ACTIVITY – Which lines in the records below contain the word "show"? Return each of them.

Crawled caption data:
⟨

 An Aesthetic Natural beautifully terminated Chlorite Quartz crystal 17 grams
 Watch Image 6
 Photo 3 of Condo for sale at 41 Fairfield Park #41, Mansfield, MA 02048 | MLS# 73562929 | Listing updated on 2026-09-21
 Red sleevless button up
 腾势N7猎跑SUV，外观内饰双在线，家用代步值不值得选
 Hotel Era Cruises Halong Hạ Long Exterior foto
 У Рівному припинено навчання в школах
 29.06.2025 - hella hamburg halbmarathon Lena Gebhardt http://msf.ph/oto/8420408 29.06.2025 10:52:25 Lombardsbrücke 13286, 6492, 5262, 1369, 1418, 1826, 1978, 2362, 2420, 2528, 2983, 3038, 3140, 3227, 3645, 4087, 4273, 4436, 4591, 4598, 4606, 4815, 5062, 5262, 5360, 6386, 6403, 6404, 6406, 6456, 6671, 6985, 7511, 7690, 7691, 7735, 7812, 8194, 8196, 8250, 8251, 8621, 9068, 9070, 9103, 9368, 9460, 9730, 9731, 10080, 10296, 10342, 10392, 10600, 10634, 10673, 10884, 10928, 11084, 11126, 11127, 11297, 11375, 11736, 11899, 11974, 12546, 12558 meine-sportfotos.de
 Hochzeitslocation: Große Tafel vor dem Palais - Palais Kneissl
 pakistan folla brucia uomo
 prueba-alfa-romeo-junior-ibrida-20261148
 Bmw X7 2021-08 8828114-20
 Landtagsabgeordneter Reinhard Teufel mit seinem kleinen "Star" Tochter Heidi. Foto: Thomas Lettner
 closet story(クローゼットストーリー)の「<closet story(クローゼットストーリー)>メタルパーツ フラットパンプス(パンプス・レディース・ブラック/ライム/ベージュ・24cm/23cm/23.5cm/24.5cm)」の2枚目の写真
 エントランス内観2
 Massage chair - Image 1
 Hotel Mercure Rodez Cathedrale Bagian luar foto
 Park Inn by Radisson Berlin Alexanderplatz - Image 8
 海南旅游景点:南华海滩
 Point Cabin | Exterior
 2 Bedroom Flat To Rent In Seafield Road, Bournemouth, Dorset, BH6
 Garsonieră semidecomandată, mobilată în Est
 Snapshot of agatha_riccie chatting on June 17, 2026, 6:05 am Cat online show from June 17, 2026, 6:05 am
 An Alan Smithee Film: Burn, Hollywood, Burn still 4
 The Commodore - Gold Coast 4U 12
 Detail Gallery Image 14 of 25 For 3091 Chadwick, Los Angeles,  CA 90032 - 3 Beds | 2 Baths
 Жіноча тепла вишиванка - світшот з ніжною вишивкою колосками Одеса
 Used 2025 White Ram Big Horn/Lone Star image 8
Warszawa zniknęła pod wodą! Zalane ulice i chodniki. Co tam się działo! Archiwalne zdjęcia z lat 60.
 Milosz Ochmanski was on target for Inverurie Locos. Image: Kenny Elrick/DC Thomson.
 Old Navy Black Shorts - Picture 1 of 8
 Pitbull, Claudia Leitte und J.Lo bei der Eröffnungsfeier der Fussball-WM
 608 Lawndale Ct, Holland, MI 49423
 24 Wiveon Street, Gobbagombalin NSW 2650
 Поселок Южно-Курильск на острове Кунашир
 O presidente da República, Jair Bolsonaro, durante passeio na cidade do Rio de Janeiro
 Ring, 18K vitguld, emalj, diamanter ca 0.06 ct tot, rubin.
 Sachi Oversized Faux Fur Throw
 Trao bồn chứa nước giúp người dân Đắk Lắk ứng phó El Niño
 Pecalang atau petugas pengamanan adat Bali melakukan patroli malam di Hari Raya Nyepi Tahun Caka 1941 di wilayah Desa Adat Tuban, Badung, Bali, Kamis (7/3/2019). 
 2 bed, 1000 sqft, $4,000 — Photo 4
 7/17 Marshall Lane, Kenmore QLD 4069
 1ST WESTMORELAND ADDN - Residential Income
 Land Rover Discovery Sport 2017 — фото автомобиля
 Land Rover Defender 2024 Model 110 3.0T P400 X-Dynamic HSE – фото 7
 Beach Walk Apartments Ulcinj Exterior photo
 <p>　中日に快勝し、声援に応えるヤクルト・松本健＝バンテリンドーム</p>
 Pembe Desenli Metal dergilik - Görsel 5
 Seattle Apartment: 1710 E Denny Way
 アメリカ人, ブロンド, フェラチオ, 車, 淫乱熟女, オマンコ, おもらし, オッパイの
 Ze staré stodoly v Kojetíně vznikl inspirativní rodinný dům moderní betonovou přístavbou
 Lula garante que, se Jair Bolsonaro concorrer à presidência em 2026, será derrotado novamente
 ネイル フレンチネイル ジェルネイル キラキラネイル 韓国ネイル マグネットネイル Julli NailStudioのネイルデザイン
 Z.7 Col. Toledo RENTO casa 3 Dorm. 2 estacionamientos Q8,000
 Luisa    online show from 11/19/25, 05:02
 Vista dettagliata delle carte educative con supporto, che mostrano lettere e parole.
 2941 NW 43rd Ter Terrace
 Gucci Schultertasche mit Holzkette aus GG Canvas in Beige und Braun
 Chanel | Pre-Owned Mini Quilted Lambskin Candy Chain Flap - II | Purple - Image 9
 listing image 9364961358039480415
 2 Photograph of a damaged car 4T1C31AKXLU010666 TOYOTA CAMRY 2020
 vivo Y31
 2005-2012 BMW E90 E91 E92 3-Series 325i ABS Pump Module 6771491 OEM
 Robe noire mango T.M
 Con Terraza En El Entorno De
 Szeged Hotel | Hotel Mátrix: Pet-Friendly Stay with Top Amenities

⟩

REPLY –
 Snapshot of agatha_riccie chatting on June 17, 2026, 6:05 am Cat online show from June 17, 2026, 6:05 am
 Luisa    online show from 11/19/25, 05:02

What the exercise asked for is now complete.